Ok. This is fair. 120933984460 is indeed problematic.

> Now lets talk about BPF_TCX_EGRESS:
>
>> bpf_mprog_query() and tcx_prog_query() were only introduced there.
>> How come your userspace passes shorter uatter to query newer
>> BPF_TCX_EGRESS attachment?
>
> I understand your point, but two common cases exist where userspace
> will legitimately query BPF_TCX_EGRESS with a 40-byte structure:
>
> First, a generic BPF querying tool (assume it called `./bpf-query`)
> compiled in 2020 (when the query buffer size was 40 bytes) might
> accept the attach type dynamically from the command line:
>   ./bpf-query --type 47 --fd 3  # 47 is BPF_TCX_EGRESS

Don't buy this at all. This one is clearly a user space bug.

> Add gating to the TCX path, will not be able to fix the legacy cgroup
> query path. As shown above, the cgroup query path has the exact same
> OOB writeback regression affecting legacy userspace. Since we must
> plumb uattr_size to cgroup.c to resolve the cgroup regression safely,
> applying the same consistent size-gating in bpf_mprog_query() seemed
> like the most consistent and robust architectural path.

Not really. Your patch adds checks to what looks like "random" copy_to_user()
places. This thread is clear indication that it's not a "robust architectural path".

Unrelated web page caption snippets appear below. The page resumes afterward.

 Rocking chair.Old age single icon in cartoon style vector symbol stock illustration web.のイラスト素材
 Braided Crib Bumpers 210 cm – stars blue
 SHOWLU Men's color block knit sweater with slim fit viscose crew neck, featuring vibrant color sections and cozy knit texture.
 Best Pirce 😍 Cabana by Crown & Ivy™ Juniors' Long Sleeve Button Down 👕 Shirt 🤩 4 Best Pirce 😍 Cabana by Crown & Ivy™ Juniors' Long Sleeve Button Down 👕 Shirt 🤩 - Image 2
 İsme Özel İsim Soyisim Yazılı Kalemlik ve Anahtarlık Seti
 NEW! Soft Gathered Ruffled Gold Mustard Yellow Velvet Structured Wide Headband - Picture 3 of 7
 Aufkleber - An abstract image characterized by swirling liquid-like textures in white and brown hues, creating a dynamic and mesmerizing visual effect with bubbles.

True robust path would be to wrap every copy_to_user() into another helper
that takes uattr start pointer and size, does extra check, and
returns something like ENOSPC (and not EFAULT),
but that would be a significant churn.

So I prefer a minimal patch that add single check in bpf_prog_query()
that checks that user space supplied buffer is large enough for attr->query.
If not -> EFAULT. That would be better than overwritting.
One can argue that partial copy_to_user() in __cgroup_bpf_query()
should still be allowed, but I'm against partial and
inconsistent queries.
query.revision might seem benign, but if we do it for all copy_to_user()
we better return ENOSPC to differentiate vs EFAULT to tell user space
to fix itself.


^ permalink raw reply	[flat|nested] 17+ messages in thread

* Re: [PATCH bpf-next 1/2] bpf: align syscall writeback behavior with caller-declared size
  2026-05-29  1:03           ` Alexei Starovoitov
@ 2026-05-29  4:44             ` Yuyang Huang
  0 siblings, 0 replies; 17+ messages in thread
From: Yuyang Huang @ 2026-05-29  4:44 UTC (permalink / raw)
  To: Alexei Starovoitov
  Cc: Daniel Borkmann, bot+bpf-ci, Alexei Starovoitov, Andrew Lunn,
	Andrii Nakryiko, Eduard, Eric Dumazet, Jakub Kicinski, Jiri Olsa,
	John Fastabend, Kumar Kartikeya Dwivedi, Martin KaFai Lau,
	Nikolay Aleksandrov, Paolo Abeni, Shuah Khan, Simon Horman,
	Song Liu, Stanislav Fomichev, Yonghong Song, bpf, LKML,
	open list:KERNEL SELFTEST FRAMEWORK, Network Development,
	Maciej Żenczykowski, Lorenzo Colitti, Martin KaFai Lau,
	Chris Mason, Ihor Solodrai, Todd Kjos, Carlos Llamas,
	Kalesh Singh

On Fri, May 29, 2026 at 9:03 AM Alexei Starovoitov
<alexei.starovoitov@gmail.com> wrote:
>
> On Mon May 25, 2026 at 12:21 AM PDT, Yuyang Huang wrote:

Thanks for the reply.

> Ok. This is fair. 120933984460 is indeed problematic.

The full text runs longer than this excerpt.